[Stored data entries]
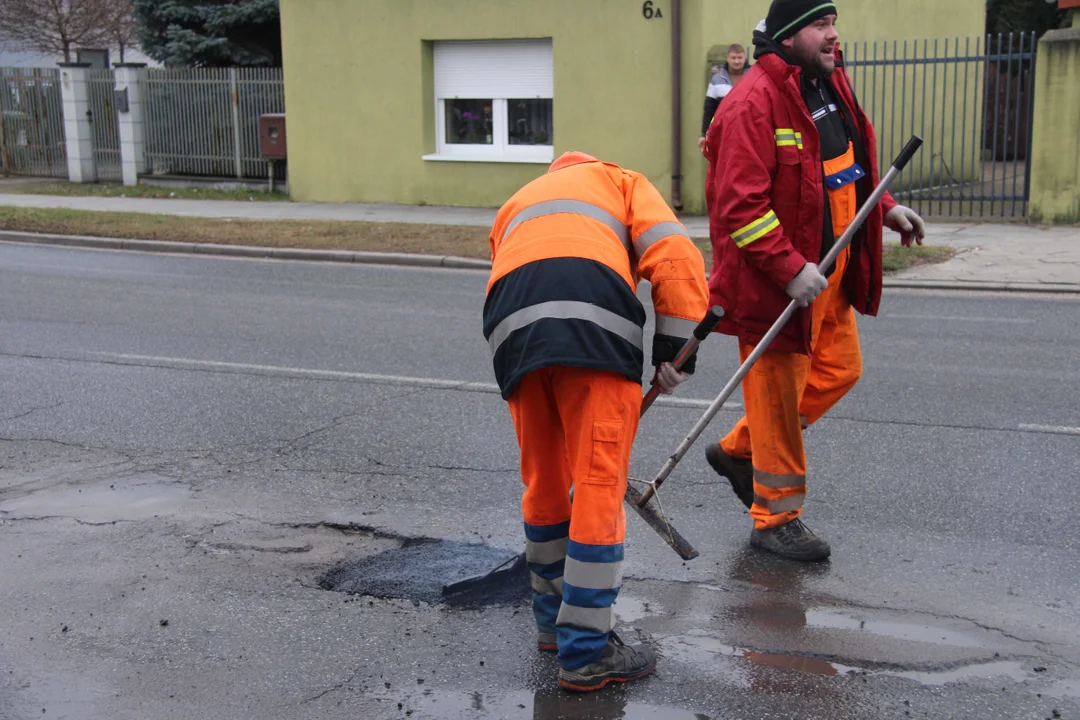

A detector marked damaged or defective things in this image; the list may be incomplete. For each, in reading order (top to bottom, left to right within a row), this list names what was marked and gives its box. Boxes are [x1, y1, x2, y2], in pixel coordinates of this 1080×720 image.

pothole [315, 539, 527, 608]
cracked asphalt road [2, 243, 1080, 720]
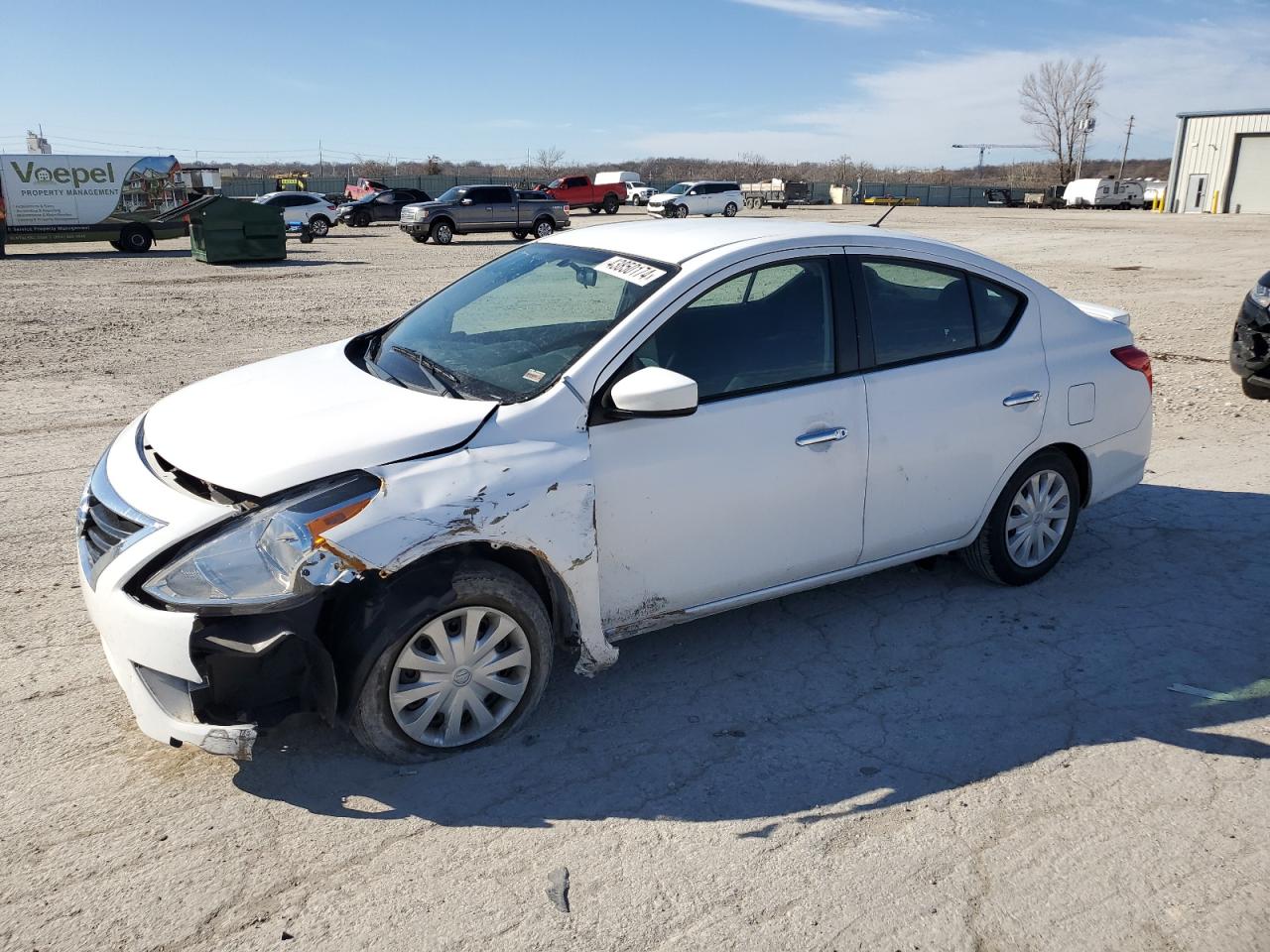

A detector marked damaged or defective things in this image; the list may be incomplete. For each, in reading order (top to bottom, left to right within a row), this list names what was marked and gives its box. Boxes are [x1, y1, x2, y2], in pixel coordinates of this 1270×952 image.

damaged white car [79, 218, 1153, 762]
cracked concrete [0, 205, 1264, 949]
crumpled front bumper [1229, 293, 1270, 383]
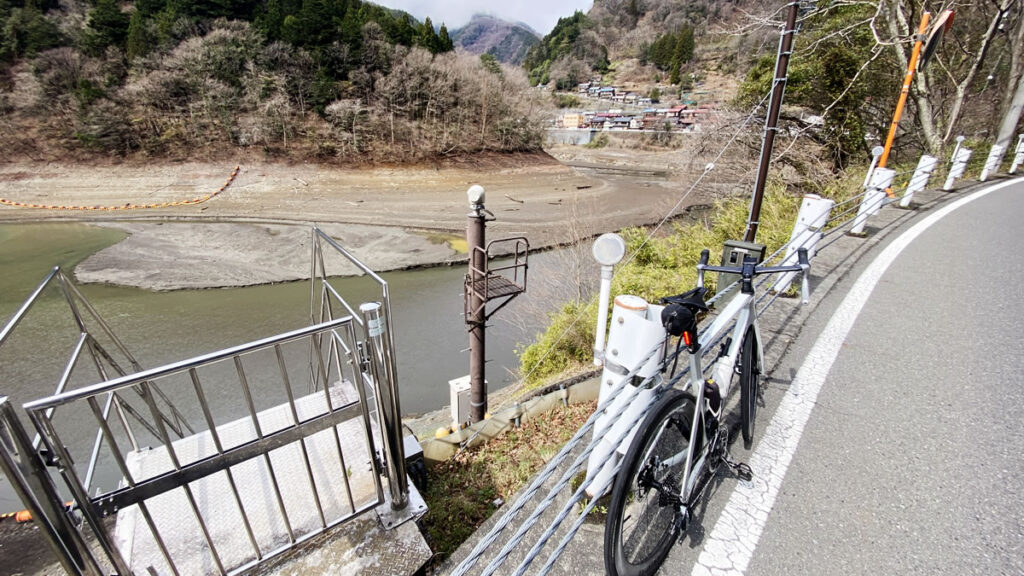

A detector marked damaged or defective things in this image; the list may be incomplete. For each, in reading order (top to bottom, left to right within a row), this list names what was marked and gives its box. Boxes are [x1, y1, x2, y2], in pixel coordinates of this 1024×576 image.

■ **Your assignment**
Give again, word for word, the line containing "this 1270×952 image." and every line after it to the end of the records; leave out the pictures.

■ **Task answer**
A detector marked damaged or defective things in this image; the list may be incomplete. For each, in reading order (top to bottom, left to right within a row), this list names what was marked and gives its box. Boxes are [x1, y1, x2, y2], in pixel coordinates of this 1270×952 image.

damaged white car [79, 218, 1153, 762]
cracked concrete [0, 205, 1264, 949]
crumpled front bumper [1229, 293, 1270, 383]

A detector marked damaged or defective things in this image; the list may be incomplete. For each, in reading order (top to bottom, left to right within a row), this list names what was marked and gives its box. Boxes are [x1, y1, x2, y2], in pixel coordinates of this 1024×576 image.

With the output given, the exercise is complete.